▶ [Activity]: The material below holds a span beginning at the line with "(490x317), Png Download" and ending at the line with "CAMPER Karst Siyah Kadın Sneaker Ayakkabı". Quote that span exactly, both ends included, and only that span.
(Data shown begins)
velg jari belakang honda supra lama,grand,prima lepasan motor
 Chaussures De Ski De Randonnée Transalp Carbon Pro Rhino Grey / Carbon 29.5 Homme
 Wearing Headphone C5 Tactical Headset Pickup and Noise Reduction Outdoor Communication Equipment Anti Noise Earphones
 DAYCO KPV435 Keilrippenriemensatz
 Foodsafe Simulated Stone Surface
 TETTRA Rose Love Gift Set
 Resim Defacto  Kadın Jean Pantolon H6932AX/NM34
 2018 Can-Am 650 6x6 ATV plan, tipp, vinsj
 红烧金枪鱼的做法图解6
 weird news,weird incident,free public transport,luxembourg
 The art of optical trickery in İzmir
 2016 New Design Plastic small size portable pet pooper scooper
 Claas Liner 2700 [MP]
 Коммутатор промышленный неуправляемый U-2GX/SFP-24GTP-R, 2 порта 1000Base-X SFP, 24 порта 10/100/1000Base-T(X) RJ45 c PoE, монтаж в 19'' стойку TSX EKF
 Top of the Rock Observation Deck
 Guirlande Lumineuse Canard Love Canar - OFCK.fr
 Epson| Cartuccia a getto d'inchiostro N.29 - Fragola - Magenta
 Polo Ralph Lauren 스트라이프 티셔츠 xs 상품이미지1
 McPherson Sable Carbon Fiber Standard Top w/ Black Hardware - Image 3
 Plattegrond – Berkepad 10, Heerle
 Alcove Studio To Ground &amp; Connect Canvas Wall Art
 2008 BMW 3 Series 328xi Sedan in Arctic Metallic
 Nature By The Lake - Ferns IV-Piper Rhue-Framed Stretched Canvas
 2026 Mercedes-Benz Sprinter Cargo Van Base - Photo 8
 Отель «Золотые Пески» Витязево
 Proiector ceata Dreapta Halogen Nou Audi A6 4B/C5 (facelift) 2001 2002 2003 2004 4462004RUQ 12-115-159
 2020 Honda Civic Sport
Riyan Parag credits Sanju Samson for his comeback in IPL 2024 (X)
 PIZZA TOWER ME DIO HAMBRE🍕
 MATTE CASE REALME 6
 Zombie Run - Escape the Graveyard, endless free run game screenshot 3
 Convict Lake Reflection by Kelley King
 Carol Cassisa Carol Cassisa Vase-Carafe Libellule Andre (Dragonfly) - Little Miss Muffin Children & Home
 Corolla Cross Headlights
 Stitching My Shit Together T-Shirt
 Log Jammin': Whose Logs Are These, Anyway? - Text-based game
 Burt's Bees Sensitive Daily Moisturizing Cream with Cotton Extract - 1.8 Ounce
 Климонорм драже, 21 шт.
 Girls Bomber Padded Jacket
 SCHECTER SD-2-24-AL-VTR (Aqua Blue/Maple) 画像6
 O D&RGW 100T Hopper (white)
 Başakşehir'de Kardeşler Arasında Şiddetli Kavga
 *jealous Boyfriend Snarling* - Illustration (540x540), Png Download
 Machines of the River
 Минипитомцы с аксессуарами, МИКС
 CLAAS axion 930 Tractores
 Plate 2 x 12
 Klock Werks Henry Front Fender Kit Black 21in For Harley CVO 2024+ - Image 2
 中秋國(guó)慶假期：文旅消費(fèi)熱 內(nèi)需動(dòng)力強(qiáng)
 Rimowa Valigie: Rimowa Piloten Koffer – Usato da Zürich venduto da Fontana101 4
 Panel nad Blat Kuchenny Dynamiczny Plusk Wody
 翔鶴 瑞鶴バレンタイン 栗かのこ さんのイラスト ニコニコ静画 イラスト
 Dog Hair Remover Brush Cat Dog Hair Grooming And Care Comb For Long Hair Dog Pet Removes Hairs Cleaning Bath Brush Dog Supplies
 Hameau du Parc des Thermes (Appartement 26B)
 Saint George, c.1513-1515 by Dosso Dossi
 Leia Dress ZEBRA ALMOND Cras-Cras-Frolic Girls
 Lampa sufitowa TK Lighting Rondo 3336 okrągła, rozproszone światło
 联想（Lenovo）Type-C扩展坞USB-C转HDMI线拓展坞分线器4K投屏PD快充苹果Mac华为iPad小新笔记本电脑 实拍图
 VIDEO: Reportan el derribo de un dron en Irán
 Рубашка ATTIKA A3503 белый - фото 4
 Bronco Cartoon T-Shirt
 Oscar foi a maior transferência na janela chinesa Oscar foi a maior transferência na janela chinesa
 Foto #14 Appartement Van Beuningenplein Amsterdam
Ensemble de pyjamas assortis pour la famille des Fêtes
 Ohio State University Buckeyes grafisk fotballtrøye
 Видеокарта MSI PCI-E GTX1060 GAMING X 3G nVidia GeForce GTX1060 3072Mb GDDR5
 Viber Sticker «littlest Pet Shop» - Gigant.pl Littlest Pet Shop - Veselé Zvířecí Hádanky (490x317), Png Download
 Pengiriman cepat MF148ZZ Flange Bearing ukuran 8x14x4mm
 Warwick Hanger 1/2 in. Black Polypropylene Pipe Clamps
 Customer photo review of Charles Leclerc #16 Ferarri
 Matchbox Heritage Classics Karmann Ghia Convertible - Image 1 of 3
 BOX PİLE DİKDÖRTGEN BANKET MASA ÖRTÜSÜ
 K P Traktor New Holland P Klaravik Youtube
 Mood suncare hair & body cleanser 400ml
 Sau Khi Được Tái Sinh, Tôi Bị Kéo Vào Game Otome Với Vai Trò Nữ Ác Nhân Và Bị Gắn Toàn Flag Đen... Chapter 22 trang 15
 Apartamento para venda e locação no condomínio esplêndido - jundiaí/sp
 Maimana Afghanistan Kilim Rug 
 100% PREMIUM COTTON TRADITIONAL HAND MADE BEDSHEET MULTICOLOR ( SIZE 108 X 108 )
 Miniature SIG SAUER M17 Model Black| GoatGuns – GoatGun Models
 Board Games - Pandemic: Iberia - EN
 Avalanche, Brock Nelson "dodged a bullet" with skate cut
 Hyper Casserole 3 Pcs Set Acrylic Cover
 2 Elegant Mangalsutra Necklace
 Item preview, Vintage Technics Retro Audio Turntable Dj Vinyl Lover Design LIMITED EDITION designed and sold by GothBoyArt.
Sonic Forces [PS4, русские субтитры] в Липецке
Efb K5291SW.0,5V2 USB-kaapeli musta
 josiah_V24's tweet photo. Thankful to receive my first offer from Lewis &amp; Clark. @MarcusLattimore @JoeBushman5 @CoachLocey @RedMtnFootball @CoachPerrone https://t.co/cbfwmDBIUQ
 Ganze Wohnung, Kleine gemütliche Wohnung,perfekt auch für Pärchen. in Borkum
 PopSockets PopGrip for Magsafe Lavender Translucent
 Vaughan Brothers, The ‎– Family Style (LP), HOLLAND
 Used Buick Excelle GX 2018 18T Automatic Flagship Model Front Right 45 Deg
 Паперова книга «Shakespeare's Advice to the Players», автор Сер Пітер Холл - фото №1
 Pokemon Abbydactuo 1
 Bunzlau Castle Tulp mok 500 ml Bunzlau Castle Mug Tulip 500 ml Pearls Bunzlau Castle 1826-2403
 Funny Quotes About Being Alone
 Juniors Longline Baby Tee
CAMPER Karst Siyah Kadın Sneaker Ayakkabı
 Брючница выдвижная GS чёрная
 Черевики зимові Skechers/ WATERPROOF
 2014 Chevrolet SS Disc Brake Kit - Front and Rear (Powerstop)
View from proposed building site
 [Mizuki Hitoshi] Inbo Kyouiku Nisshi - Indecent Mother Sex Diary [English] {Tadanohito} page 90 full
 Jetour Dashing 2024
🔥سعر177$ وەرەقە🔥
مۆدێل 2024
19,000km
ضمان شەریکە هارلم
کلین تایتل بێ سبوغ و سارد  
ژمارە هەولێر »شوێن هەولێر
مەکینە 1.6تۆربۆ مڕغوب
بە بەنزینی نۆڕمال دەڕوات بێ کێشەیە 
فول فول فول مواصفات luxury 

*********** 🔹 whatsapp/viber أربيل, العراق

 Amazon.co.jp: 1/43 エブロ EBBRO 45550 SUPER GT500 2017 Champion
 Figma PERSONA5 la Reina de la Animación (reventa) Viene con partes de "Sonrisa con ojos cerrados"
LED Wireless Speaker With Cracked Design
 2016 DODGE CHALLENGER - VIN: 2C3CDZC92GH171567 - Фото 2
(Data shown ends)
▶ [Response]:
 Viber Sticker «littlest Pet Shop» - Gigant.pl Littlest Pet Shop - Veselé Zvířecí Hádanky (490x317), Png Download
 Pengiriman cepat MF148ZZ Flange Bearing ukuran 8x14x4mm
 Warwick Hanger 1/2 in. Black Polypropylene Pipe Clamps
 Customer photo review of Charles Leclerc #16 Ferarri
 Matchbox Heritage Classics Karmann Ghia Convertible - Image 1 of 3
 BOX PİLE DİKDÖRTGEN BANKET MASA ÖRTÜSÜ
 K P Traktor New Holland P Klaravik Youtube
 Mood suncare hair & body cleanser 400ml
 Sau Khi Được Tái Sinh, Tôi Bị Kéo Vào Game Otome Với Vai Trò Nữ Ác Nhân Và Bị Gắn Toàn Flag Đen... Chapter 22 trang 15
 Apartamento para venda e locação no condomínio esplêndido - jundiaí/sp
 Maimana Afghanistan Kilim Rug 
 100% PREMIUM COTTON TRADITIONAL HAND MADE BEDSHEET MULTICOLOR ( SIZE 108 X 108 )
 Miniature SIG SAUER M17 Model Black| GoatGuns – GoatGun Models
 Board Games - Pandemic: Iberia - EN
 Avalanche, Brock Nelson "dodged a bullet" with skate cut
 Hyper Casserole 3 Pcs Set Acrylic Cover
 2 Elegant Mangalsutra Necklace
 Item preview, Vintage Technics Retro Audio Turntable Dj Vinyl Lover Design LIMITED EDITION designed and sold by GothBoyArt.
Sonic Forces [PS4, русские субтитры] в Липецке
Efb K5291SW.0,5V2 USB-kaapeli musta
 josiah_V24's tweet photo. Thankful to receive my first offer from Lewis &amp; Clark. @MarcusLattimore @JoeBushman5 @CoachLocey @RedMtnFootball @CoachPerrone https://t.co/cbfwmDBIUQ
 Ganze Wohnung, Kleine gemütliche Wohnung,perfekt auch für Pärchen. in Borkum
 PopSockets PopGrip for Magsafe Lavender Translucent
 Vaughan Brothers, The ‎– Family Style (LP), HOLLAND
 Used Buick Excelle GX 2018 18T Automatic Flagship Model Front Right 45 Deg
 Паперова книга «Shakespeare's Advice to the Players», автор Сер Пітер Холл - фото №1
 Pokemon Abbydactuo 1
 Bunzlau Castle Tulp mok 500 ml Bunzlau Castle Mug Tulip 500 ml Pearls Bunzlau Castle 1826-2403
 Funny Quotes About Being Alone
 Juniors Longline Baby Tee
CAMPER Karst Siyah Kadın Sneaker Ayakkabı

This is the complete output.